The car just doesn't seem to be running as I think it should. I figure there should be more then 10psi of boost and the high rpm shifting is all the time, not just WOT. And that worries me a bit
I would take Chuck's advice and have someone who knows these cars take a look at it. It could be the T.V. cable is adjusted too tight giving you the late shifts. Not to stir anything up but I would be suspicious of the symptoms. It could be the transmission is going south and the previous owner limited the boost and tightened the T.V. cable to increase the pump pressure in the transmission to keep it from slipping.
 
Or it could have spit the spring out of the governor. You should really try to find someone nearby that can at least walk you through some basics. Where are you located?
 
Or it could have spit the spring out of the governor. You should really try to find someone nearby that can at least walk you through some basics. Where are you located?
I'm located in mid Missouri. I dont know anyone around that knows these cars
 
Probably be a good idea to tackle one issue at a time. Fix the TCC first, set the TV cable properly, and while the pan is off check the governor. Post pictures along the way and you will get more help.

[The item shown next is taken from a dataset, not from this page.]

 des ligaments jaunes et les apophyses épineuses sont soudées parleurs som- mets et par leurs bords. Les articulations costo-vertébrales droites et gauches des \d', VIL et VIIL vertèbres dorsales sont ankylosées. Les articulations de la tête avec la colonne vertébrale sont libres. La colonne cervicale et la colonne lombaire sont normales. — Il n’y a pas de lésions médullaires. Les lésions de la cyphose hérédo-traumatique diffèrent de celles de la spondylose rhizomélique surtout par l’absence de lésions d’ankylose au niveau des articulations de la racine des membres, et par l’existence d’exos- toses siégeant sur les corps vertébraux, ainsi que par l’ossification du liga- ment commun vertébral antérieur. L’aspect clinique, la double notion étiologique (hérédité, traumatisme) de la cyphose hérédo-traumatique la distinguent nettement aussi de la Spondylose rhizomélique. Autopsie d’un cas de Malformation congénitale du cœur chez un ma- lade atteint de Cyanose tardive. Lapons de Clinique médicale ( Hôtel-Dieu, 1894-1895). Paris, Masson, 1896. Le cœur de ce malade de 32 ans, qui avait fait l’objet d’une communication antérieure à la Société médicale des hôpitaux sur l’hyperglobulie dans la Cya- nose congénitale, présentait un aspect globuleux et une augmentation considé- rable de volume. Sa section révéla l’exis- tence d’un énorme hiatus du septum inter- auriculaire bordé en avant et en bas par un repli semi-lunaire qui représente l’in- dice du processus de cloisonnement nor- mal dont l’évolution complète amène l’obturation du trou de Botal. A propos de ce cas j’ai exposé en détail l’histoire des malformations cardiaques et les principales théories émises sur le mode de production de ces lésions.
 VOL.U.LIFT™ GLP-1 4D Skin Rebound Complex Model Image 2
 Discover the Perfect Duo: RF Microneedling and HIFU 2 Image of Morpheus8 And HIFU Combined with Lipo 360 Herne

Do get a boost gauge, fuel pressure gauge and consider a Scanmaster. You really need all 3 eventually.
 
Probably be a good idea to tackle one issue at a time. Fix the TCC first, set the TV cable properly, and while the pan is off check the governor. Post pictures along the way and you will get more help.

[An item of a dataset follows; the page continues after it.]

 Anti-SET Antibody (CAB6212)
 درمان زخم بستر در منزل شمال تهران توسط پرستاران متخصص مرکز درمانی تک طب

Do get a boost gauge, fuel pressure gauge and consider a Scanmaster. You really need all 3 eventually.
Thanks. Will do
 
If you have a service engine light on, probably a code 31, blown ecm/sol 10 amp fuse. Blows when a faulty tcc solenoid tries to lock up, or when the boost solenoid sees over 10psi and tries to activate. Confirm by unplugging harness on driver side of trans, and go for a little drive getting into boost.
 
If you have a service engine light on, probably a code 31, blown ecm/sol 10 amp fuse. Blows when a faulty tcc solenoid tries to lock up, or when the boost solenoid sees over 10psi and tries to activate. Confirm by unplugging harness on driver side of trans, and go for a little drive getting into boost.